The problem, which was flagged by the Nature paper, was that “the spread of the measurements for sample 1 [the Shroud] is somewhat greater than would be expected from the errors quoted.” In other words, the Oxford result, of 750 years ‘BP’ ± 30, did not overlap the Arizona result, of 646 years BP ± 31. Had these samples been taken from different cloths, it must have been assumed that they were from different dates. The anomaly was quantified, using a test recommended by a standard work on radiocarbon statistics, namely ‘Procedures for Comparing and Combining Radiocarbon Age Determinations: A Critique,’ by G.K. Ward and S.R. Wilson. This was a statistical chi-squared test, resulting in a value, and a probability that gave a less than 5% chance that the two samples were from the same textile. However, as it was evident that the samples actually were from the same textile, the anomaly was hardly resolved. Ironically, had the errors been recorded as larger, say ± 60, then the two results would have overlapped, and the problem would not have arisen. Consequently, the British Museum decided to assume that was the case, to ignore the errors quoted as incorrect, and to find the simple average of the three figures given by the three labs (Oxford: 750, Zurich: 676 and Arizona: 646), which was 691, and derive the error from the Standard Deviation of the three figures, divided by the square root of the number of data (three), giving a value of 31. This is clearly explained in the paper.

The three control samples’ values and errors all did overlap, so the overall error for them was based on the quoted error for each one by each laboratory.

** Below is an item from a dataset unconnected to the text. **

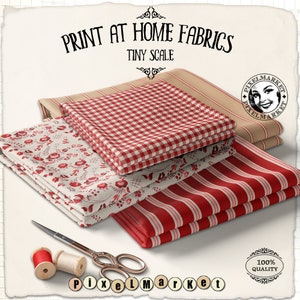 May include: Four different fabric swatches in red and white patterns. The fabrics include a red and white gingham, a red and white stripe, a red floral pattern on a white background, and a tan and white stripe. The fabrics are folded and stacked on top of each other. The image also includes a pair of scissors, two spools of thread, and the text "PRINT AT HOME FABRICS TINY SCALE" and "PixelMarket".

In fact both the weighted and unweighed means for all four samples were printed, for comparison. The difference in means, in the case of the Shroud, was two years.

At the time it was not clear in which order the samples had been cut from the original strip excised from the Shroud, so that there were six possible ways in which the samples could have been arranged (AOZ, AZO, OAZ, OZA, ZAO, ZOA), all equally probable, but when the actual arrangement became clear (Oxford, Zurich, Arizona, starting from the end nearer the end of the Shroud), there became a prima facie case for considering that the samples might lie along a chronological gradient, with the Oxford end the oldest. Assuming that the original cloth was manufactured from homogeneous material, it seems that some form of contamination has sequentially affected it, or at least that part of it. This calls the precision of the date into question, as it is unknown which end, if either, is the least contaminated (giving the truer date), whether the contamination has led to an older or younger apparent date. or how much contamination there was. In spite of determined investigation by Joe Marino, and some very precise nuclear radiation modelling by Bob Rucker, these questions have not been resolved by examination of the samples or material derived from them.

With nothing but the data to go on, statisticians have tasked themselves to analyse it more thoroughly, sometimes simply to determine how it was analysed before, by the three laboratories and the British Museum, each of whom used slightly different statistical tools, sometimes in an attempt to discredit the laboratories and the British Museum as incompetent or dishonest, and sometimes in an attempt to claim that the entire enterprise and its conclusion should be abandoned as worthless, in the hope of strengthening the case for authenticity.

The data revealed itself in phases. To start with, the Nature paper presented two tables. Table One listed the individual dates each laboratory had derived for the pieces it had cut its sample into and tested; Although each laboratory had been given the same amount of cloth, Arizona tested four pieces, Oxford tested three and Zurich five. Table Two gave single dates for each textile (the Shroud and three controls) from each laboratory, and combined them into one overall date per textile. A third table converted the radiocarbon data, conventionally converted into ‘Years Before Present” into calendar years and ranges.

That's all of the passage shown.